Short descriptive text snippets
•••••
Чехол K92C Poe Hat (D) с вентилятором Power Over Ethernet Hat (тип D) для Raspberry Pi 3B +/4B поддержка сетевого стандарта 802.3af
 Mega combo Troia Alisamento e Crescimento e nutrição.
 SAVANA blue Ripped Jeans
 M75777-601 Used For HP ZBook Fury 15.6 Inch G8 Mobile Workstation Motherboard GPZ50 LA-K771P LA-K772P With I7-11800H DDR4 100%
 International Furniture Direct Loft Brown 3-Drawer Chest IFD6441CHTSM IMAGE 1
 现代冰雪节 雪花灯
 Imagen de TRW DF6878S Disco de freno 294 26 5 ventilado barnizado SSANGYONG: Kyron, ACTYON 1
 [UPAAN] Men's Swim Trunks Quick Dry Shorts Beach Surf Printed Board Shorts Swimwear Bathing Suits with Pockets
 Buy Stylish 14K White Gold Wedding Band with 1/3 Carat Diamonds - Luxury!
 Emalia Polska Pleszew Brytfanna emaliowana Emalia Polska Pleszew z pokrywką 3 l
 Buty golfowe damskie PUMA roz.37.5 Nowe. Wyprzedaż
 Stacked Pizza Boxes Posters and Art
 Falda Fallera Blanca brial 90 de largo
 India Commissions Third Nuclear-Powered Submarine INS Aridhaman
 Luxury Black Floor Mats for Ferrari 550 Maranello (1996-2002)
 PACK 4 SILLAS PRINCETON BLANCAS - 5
•••••
Work required:
Exactly reproduce every line of the records.

Reply:
Чехол K92C Poe Hat (D) с вентилятором Power Over Ethernet Hat (тип D) для Raspberry Pi 3B +/4B поддержка сетевого стандарта 802.3af
 Mega combo Troia Alisamento e Crescimento e nutrição.
 SAVANA blue Ripped Jeans
 M75777-601 Used For HP ZBook Fury 15.6 Inch G8 Mobile Workstation Motherboard GPZ50 LA-K771P LA-K772P With I7-11800H DDR4 100%
 International Furniture Direct Loft Brown 3-Drawer Chest IFD6441CHTSM IMAGE 1
 现代冰雪节 雪花灯
 Imagen de TRW DF6878S Disco de freno 294 26 5 ventilado barnizado SSANGYONG: Kyron, ACTYON 1
 [UPAAN] Men's Swim Trunks Quick Dry Shorts Beach Surf Printed Board Shorts Swimwear Bathing Suits with Pockets
 Buy Stylish 14K White Gold Wedding Band with 1/3 Carat Diamonds - Luxury!
 Emalia Polska Pleszew Brytfanna emaliowana Emalia Polska Pleszew z pokrywką 3 l
 Buty golfowe damskie PUMA roz.37.5 Nowe. Wyprzedaż
 Stacked Pizza Boxes Posters and Art
 Falda Fallera Blanca brial 90 de largo
 India Commissions Third Nuclear-Powered Submarine INS Aridhaman
 Luxury Black Floor Mats for Ferrari 550 Maranello (1996-2002)
 PACK 4 SILLAS PRINCETON BLANCAS - 5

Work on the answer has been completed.